• _What you need to do_
All records below are to be duplicated exactly, with every picture excluded.

─── Records for the exercise ───

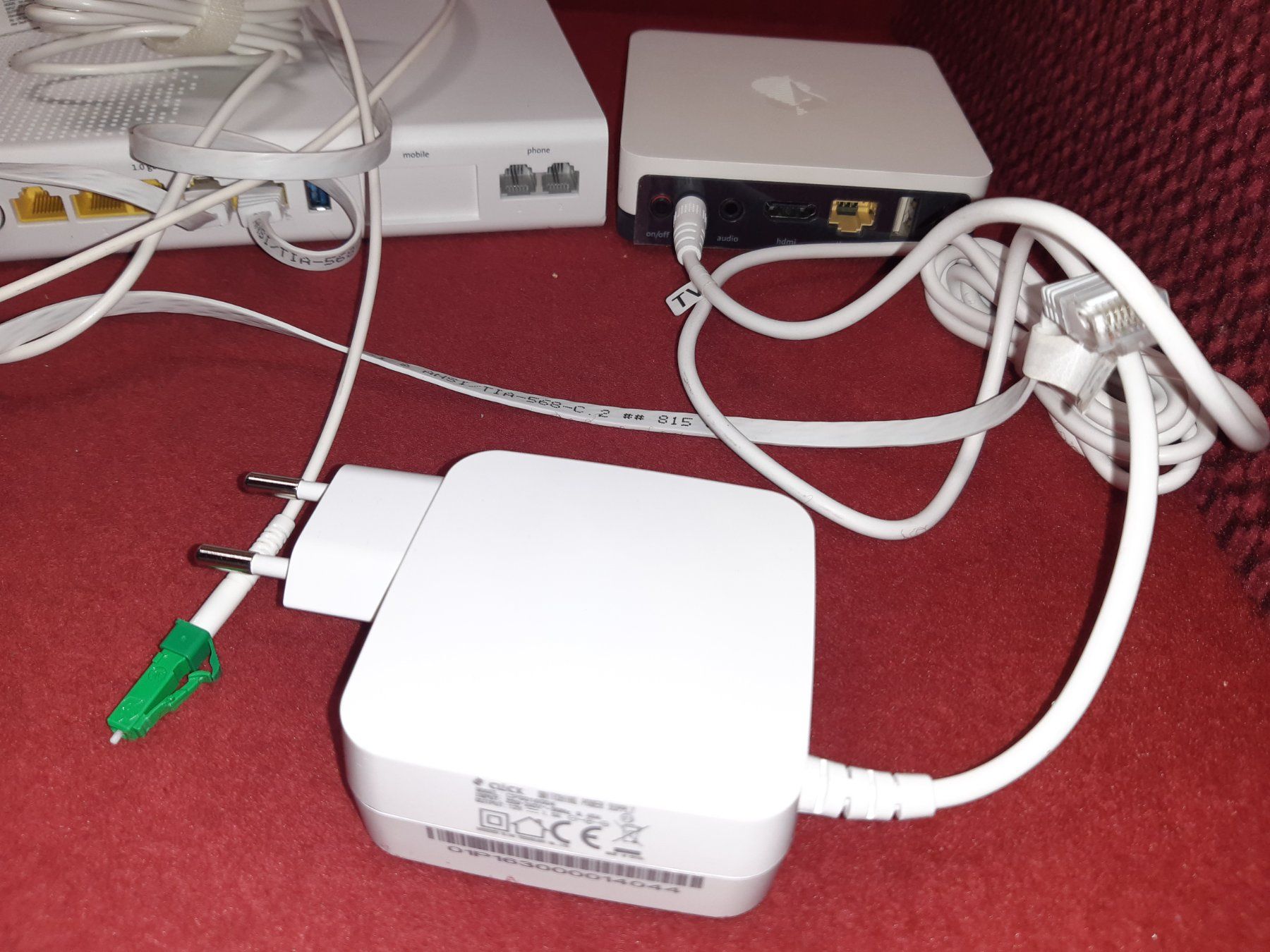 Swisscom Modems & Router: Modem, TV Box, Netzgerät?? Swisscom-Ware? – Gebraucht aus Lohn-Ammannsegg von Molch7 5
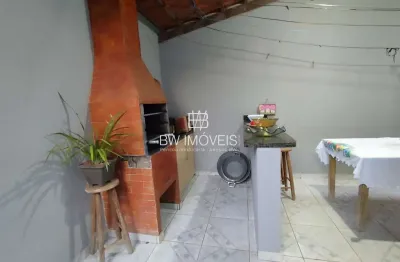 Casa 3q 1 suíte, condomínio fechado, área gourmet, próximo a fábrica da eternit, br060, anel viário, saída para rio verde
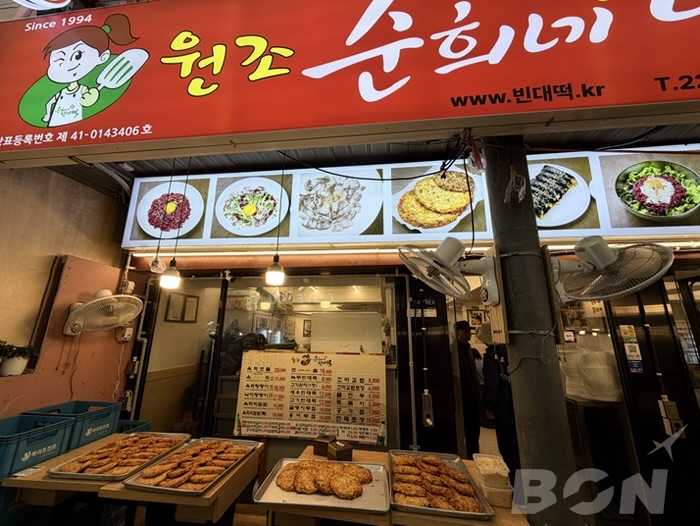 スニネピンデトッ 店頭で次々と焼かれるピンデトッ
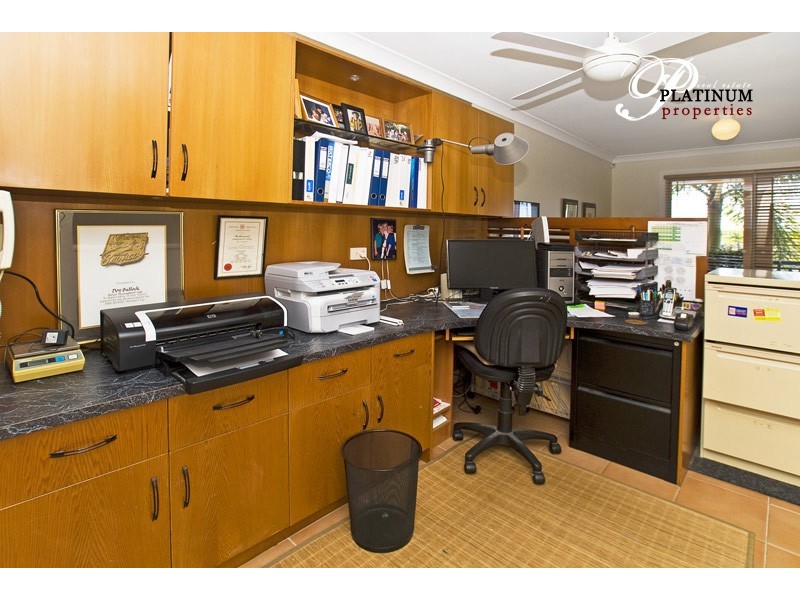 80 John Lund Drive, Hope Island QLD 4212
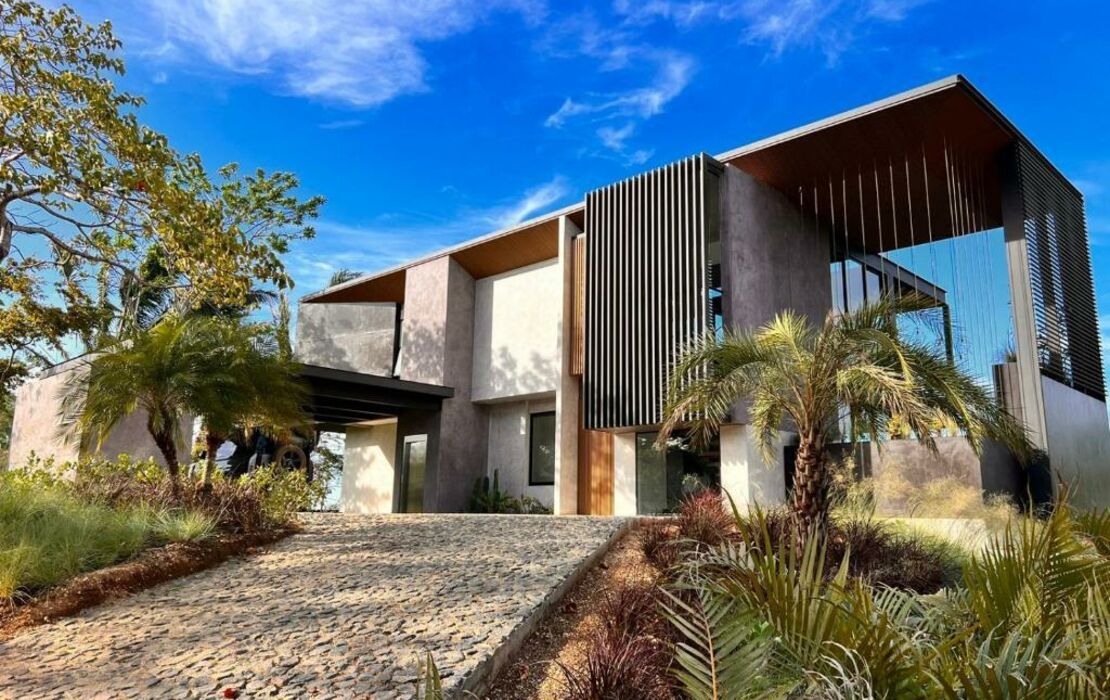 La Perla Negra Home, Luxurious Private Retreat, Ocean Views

───

• _Reply_
 Swisscom Modems & Router: Modem, TV Box, Netzgerät?? Swisscom-Ware? – Gebraucht aus Lohn-Ammannsegg von Molch7 5
 Casa 3q 1 suíte, condomínio fechado, área gourmet, próximo a fábrica da eternit, br060, anel viário, saída para rio verde
 スニネピンデトッ 店頭で次々と焼かれるピンデトッ
 80 John Lund Drive, Hope Island QLD 4212
 La Perla Negra Home, Luxurious Private Retreat, Ocean Views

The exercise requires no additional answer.